Last week, after four senators requested Cole’s reports to DOJ about AIG, prior to deciding on his nomination, a DOJ spokeswoman defended Cole’s role at AIG, telling Main Justice that

Critics who suggest that Mr. Cole was somehow too close to AIG misunderstand his relationship with the company,” …. “His presence was imposed on the company by a federal court. In fact, as the [Congressional Research Service] report notes, AIG executives tried to have him removed.

“[Cole] was never a general overseer or monitor of AIG’s entire operation nor was he assigned to examine many of the issues involving AIG’s near collapse, such as credit-default swaps or retention bonuses…”

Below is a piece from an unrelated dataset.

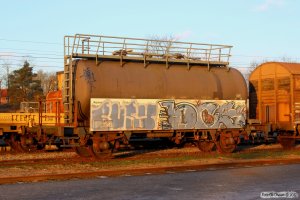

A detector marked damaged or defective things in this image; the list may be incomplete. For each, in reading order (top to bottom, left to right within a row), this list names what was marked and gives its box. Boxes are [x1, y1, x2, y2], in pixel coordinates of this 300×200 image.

rusty brown tank wagon [250, 62, 300, 148] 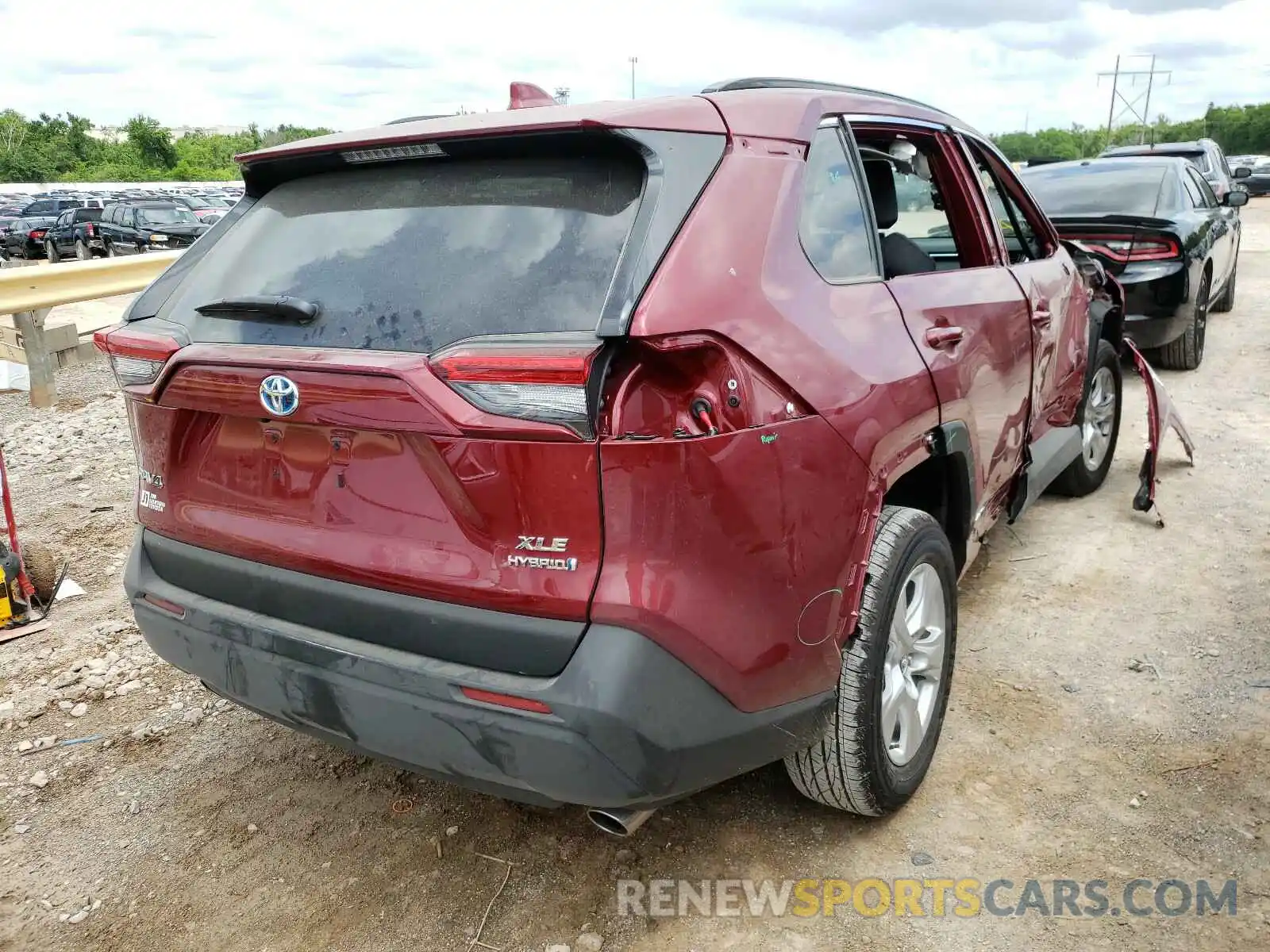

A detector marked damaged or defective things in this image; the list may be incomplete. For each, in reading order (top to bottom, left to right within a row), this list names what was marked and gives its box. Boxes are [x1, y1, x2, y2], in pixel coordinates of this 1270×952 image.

This statement did more to obscure Cole’s role at AIG than to clarify it. First, although it’s true that in late 2008, Chief Compliance Officer Suzanne Folsom mounted an effort to remove Cole, it was not because he was insisting on a tough compliance regime. Folsom wanted him out because he was pocketing too much AIG money. His costs, as Independent Consultant, included not just the $20 million paid to his law firm, but tens of millions more for the consultants, who, we understand, were both expensive and incompetent.

A substantial part of the consulting fees apparently went to DLA Piper, the law firm where Anastasia Kelly, AIG General Counsel, parked herself in 2010, after fleeing AIG in order to avoid pay caps imposed by the TARP regulations.

Second, although it’s also true that Cole was not a general overseer of AIG, he failed to object when Folsom dismissed half the team that was working on compliance and oversight just after AIG had to be rescued by taxpayers in 2008. Many of these people had written to the board and to the CEO to expose AIG’s weak compliance program before the meltdown. When Cole did finally interview them, he acceded to Folsom’s demand that she or her designee be present to observe the conversations. This collaboration is simply inconsistent with the responsibility of an independent monitor.

Third, it’s also true that Cole did not monitor many of the issues which sank the AIG balance sheet, most of which were trades arranged in AIG-FP. But as we pointed out earlier, Cole himself made the decision to exempt the problem division from his oversight (p.87).

Fourth, Cole was assigned under the 2004 deferred prosecution agreement to review five years of transactions effected by the problem division, AIG-FP. This assignment would specifically have included credit default swaps as well as other fraudulent maneuvers designed to conceal liabilities.

Finally, no one has suggested that the retention bonuses paid in 2009 were involved in AIG’s near collapse. The bonuses were paid after the collapse, and critics questioned the propriety of paying bonuses to those responsible for the crisis. More cynical critics have instead suggested that the putative ‘retention bonuses’ were, in fact, hush money, since a number of people who received them have left the firm. Critics are also wondering if the second round of retention bonuses was paid in 2010.